Nenad Mikša via Phabricator via cfe-commits cfe-commits at lists.llvm.org
Wed Sep 28 03:03:26 PDT 2022


DoDoENT added inline comments.


================
Comment at: clang/include/clang/AST/PrettyPrinter.h:307
+  /// decltype(s) will be printed as "S<Point{1,2}>" if enabled and as "S<{1,2}>" if disabled,
+  /// regardless if PrintCanonicalTypes is enabled.
+  unsigned AlwaysIncludeTypeForNonTypeTemplateArgument : 1;
----------------
dblaikie wrote:
> DoDoENT wrote:
> > dblaikie wrote:
> > > DoDoENT wrote:
> > > > DoDoENT wrote:
> > > > > dblaikie wrote:
> > > > > > aaron.ballman wrote:
> > > > > > > DoDoENT wrote:
> > > > > > > > aaron.ballman wrote:
> > > > > > > > > dblaikie wrote:
> > > > > > > > > > DoDoENT wrote:
> > > > > > > > > > > dblaikie wrote:
> > > > > > > > > > > > What does `PrintCanonicalTypes` have to do with this? Does it overlap with this functionality in some way, but doesn't provide the functionality you want in particular?
> > > > > > > > > > > Thank you for the question. If you set the `PrintCanonicalTypes` to `false`, the `S<Point{1, 2}>` would be printed as `S<Point{1, 2}>` even without this patch.
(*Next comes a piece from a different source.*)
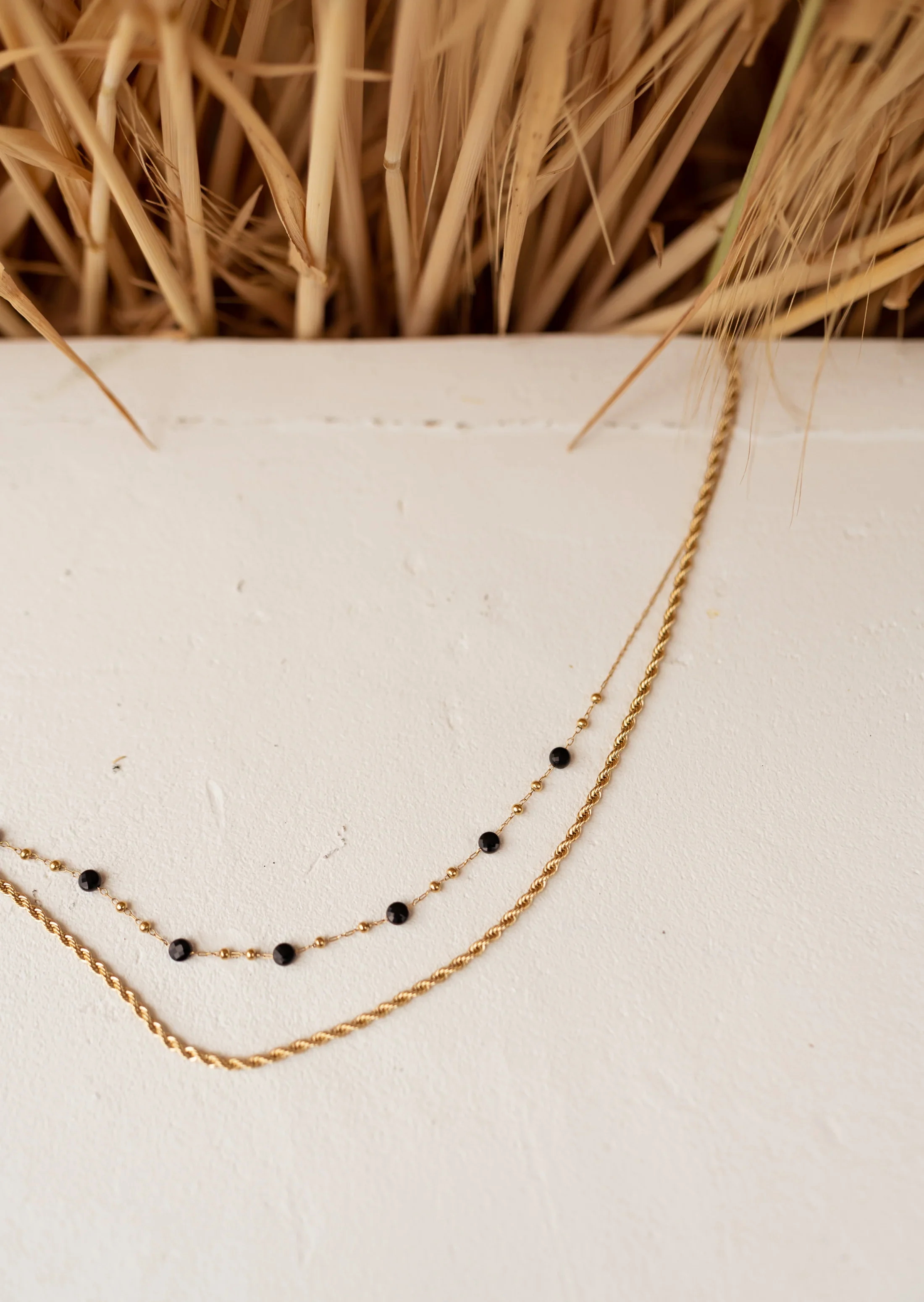 Collier Pruda - doré et noir - Image 3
However, if you set it to `true`, it will be printed as `S<{1, 2}>`.
> > > > > > > > > > > 
> > > > > > > > > > > I don't fully understand why it does that, but it's quite annoying.
> > > > > > > > > > > 
> > > > > > > > > > > For a better example, please take a look at the `TemplateIdWithComplexFullTypeNTTP` unit tests that I've added: if `PrintCanonicalTypes` is set to `true`, the original print output of type is `NDArray<float, {{{0}}}, {{{0}}}, {{{0}}}>`, and if set to `false` (which is default), the output is `NDArray<float, Height{{{0}}}, Width{{{0}}}, Channels{{{0}}}>` - so the NTTP type is neither fully written nor fully omitted, which is weird.
> > > > > > > > > > > 
> > > > > > > > > > > As I said, I don't really understand the idea behind `PrintCanonicalTypes`, but when my new `AlwaysIncludeTypeForNonTypeTemplateArgument` is enabled, you will get the full type printed, regardless of value of `PrintCanonicalTypes` setting.
> > > > > > > > > > > 
> > > > > > > > > > Perhaps this might be more of a bug in PrintCanonicalTypes than something to add a separate flag for.
> > > > > > > > > > 
> > > > > > > > > > @aaron.ballman D55552 for context here... 
> > > > > > > > > > 
> > > > > > > > > > Hmm, actually, just adding the top level `Height{{0}}, Width{{0}}, Channels{{0}}` is sufficient to make this code compile (whereas with the `{{{0}}}` it doesn't form a valid identifier.
> > > > > > > > > > 
> > > > > > > > > > So what's your use case for needing more explicitness than that top level? 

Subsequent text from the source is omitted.